During a public memorial event in tribute to the life and career of the late CBS anchorman Walter Cronkite, who passed away in July, President Obama spoke in an almost candid fashion about the evolution of news media in the age of the Internet. Specifically, he wondered aloud — and with surprisingly stark honesty that might have even raised Cronkite’s celebrated bushy eyebrows — about whether the legendary news anchor would be able to perform the same job, in the same manner — managing editor of a globally respected news service — with the challenges posed by the nature of today’s media.
“He was excited about all the stories that a high-tech world of journalism would be able to tell,” the President said, “and all the newly emerging means with which to tell it. Naturally, we find ourselves wondering how he would have covered the monumental stories of our time. In an era where the news that City Hall is on fire can sweep around the world at the speed of the Internet, would he still have called to double-check? Would he have been able to cut through the murky noise of the blogs and the tweets and the sound bites, to shine the bright light on substance? Could he still offer the perspective that we value? Would he have been able to remain a singular figure in an age of dwindling attention spans and omnipresent media?
“Somehow we know that the answer is yes,” Mr. Obama continued. “The simple values Walter Cronkite set out in pursuit of — to seek the truth, to keep us honest, to explore our world the best he could — they are as vital today as they ever were.”
The President’s not-so-rhetorical questions followed an historical anecdote about the man Mr. Obama admitted to never having gotten to know personally. In that anecdote, upon his return from a wartime stint for the UP, Cronkite briefly held a job at a radio news department in Kansas City. As the story goes, he held up a report about a fire at City Hall, which failed to go out on the air on time. The holdup was during the fact-checking process, during which he learned that the fire was in a waste paper basket and that there were no injuries. Having lost an opportunity to do a story about a “raging blaze,” fact or fiction, Cronkite’s program manager fired him on the spot. For which he and the rest of us are forever grateful.

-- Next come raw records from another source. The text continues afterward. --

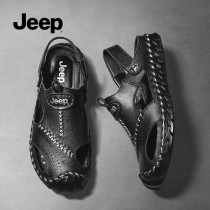 jeep gip Baotou sandal sandals mens summer outwear leather sandals mens leather outdoor soft bottom dual-use beach slippers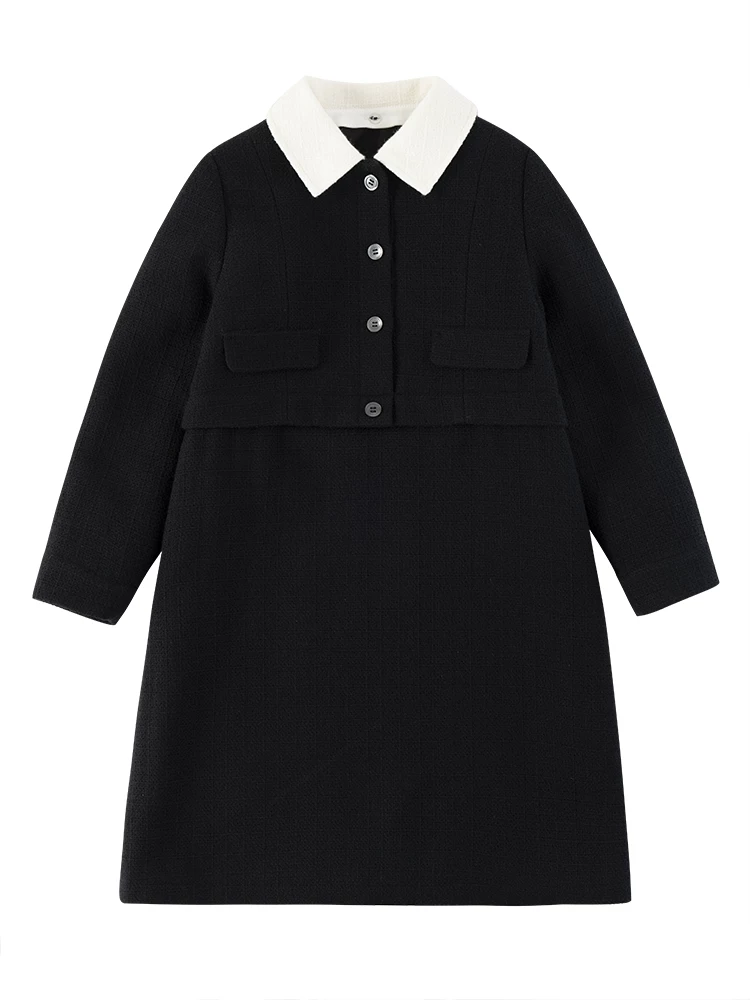 Áo khoác mùa đông ấm áp cho trẻ em, đầm len dày kiểu Pháp dành cho bé gái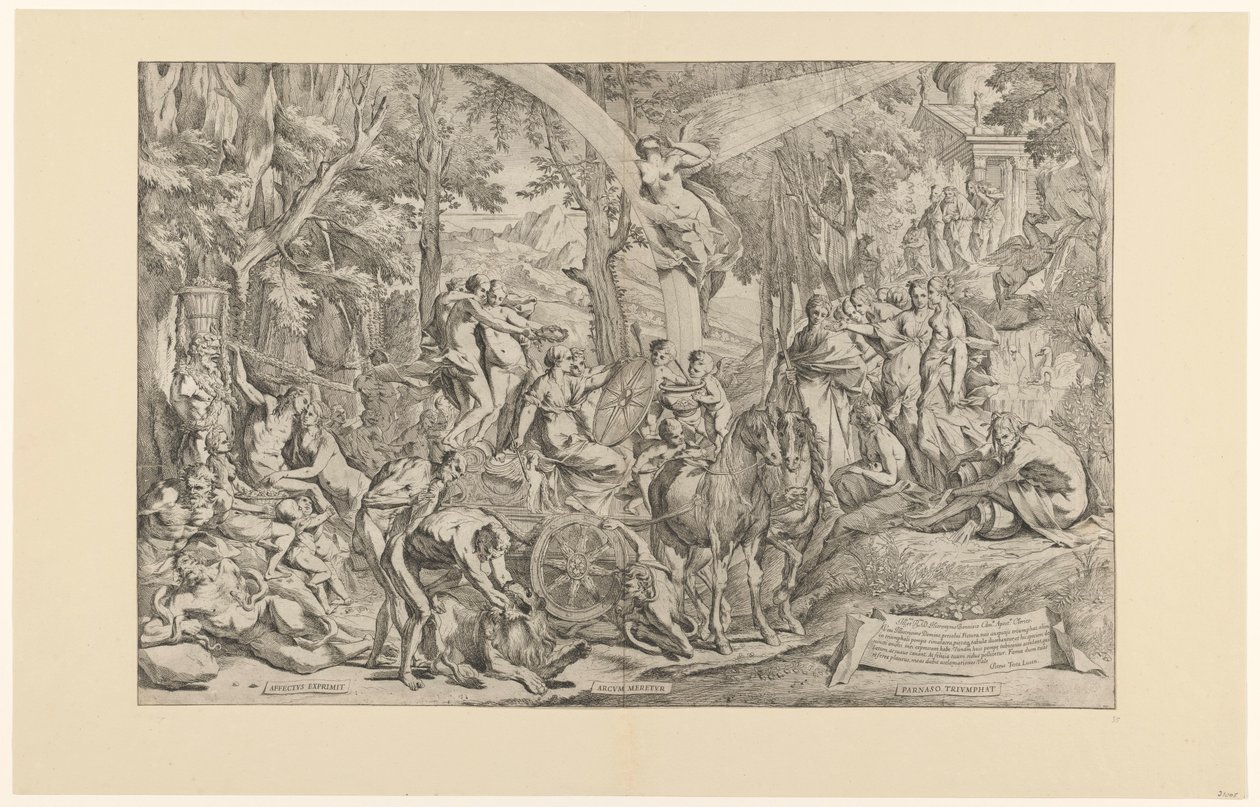Triumph of painting on Parnassus by Pietro Testa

In a comment earlier in his speech that had less to do with Cronkite specifically, and that was clearly directed toward the many journalists in the crowd, the President compared the Cronkite standard of journalism to that practiced in the nation’s newsrooms today — “a standard of honesty and integrity and responsibility to which so many of you have committed your careers,” he said. “It’s a standard that’s a little bit harder to find today. We know that this is a difficult time for journalism. Even as appetites for news and information grow, newsrooms are closing. Despite the big stories of our era, serious journalists find themselves all too often without a beat. Just as the news cycle has shrunk, so has the bottom line.”